Computational Studies of Coinage Metal Anion M- + CH3X (X = F, Cl, Br, I) Reactions in Gas Phase

We characterized the stationary points along the nucleophilic substitution (S(N)2), oxidative insertion (OI), halogen abstraction (XA), and proton transfer (PT) product channels of M- + CH3X (M = Cu, Ag, Au; X = F, Cl, Br, I) reactions using the CCSD(T)/aug-cc-pVTZ level of theory. In general, the reaction energies follow the order of PT > XA > S(N)2 > OI. The OI channel that results in oxidative insertion complex [CH3-M-X](-) is most exothermic, and can be formed through a front-side attack of M on the C-X bond via a high transition state OxTS or through a S(N)2-mediated halogen rearrangement path via a much lower transition state invTS. The order of OxTS > invTS is inverted when changing M- to Pd, a d(10) metal, because the symmetry of their HOMO orbital is different.

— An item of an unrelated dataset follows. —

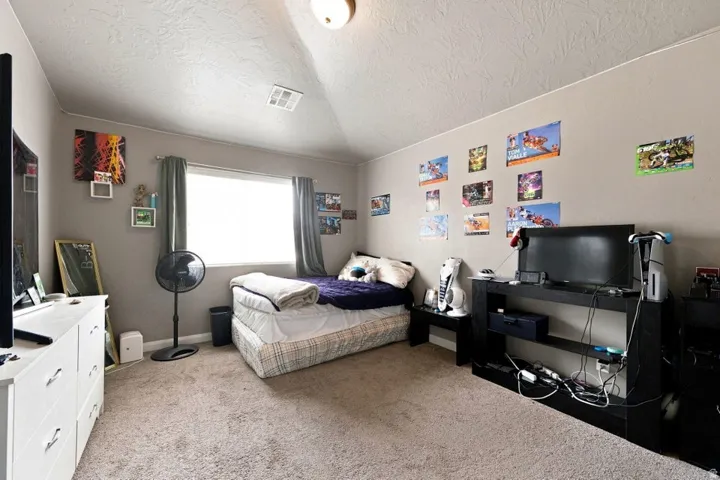 Neutral tone wall paint, textured ceiling, and carpeted flooring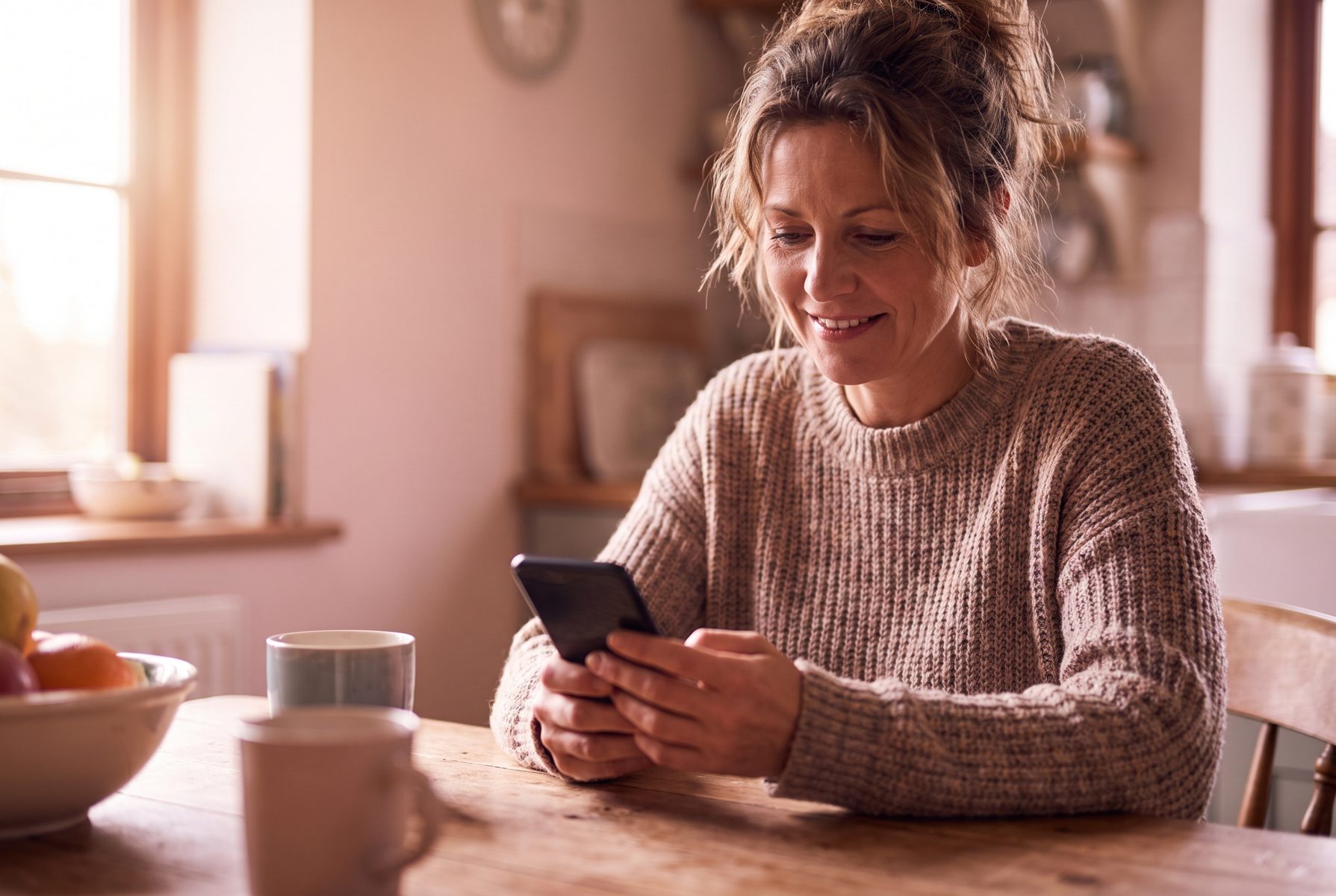 A woman in her mid-40s smiling softly while looking at her phone at a kitchen table, screen not readable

The back-side attack S(N)2 pathway proceeds via typical Walden-inversion transition state that connects to pre- and post-reaction complexes. For X = Cl/Br/I, the invS(N)2-TS's are, in general, submerged. The shape of this M- + CH3X S(N)2 PES is flatter as compared to that of a main-group base like F- + CH3X, whose PES has a double-well shape. When X = Br/I, a linear halogen-bonded complex [CH3-X center dot center dot center dot M](-) can be formed as an intermediate upon the front-side attachment of M on the halogen atom X, and it either dissociates to CH3 + MX- through halogen abstraction or bends the C-X-M angle to continue the back-side S(N)2 path. Natural bond orbital analysis shows a polar covalent M-X bond is formed within oxidative insertion complex [CH3-M-X](-), whereas a noncovalent M-X halogen-bond interaction exists for the [CH3-X center dot center dot center dot M](-) complex. This work explores competing channels of the M- + CH3X reaction in the gas phase and the potential energy surface is useful in understanding the dynamic behavior of the title and analogous reactions.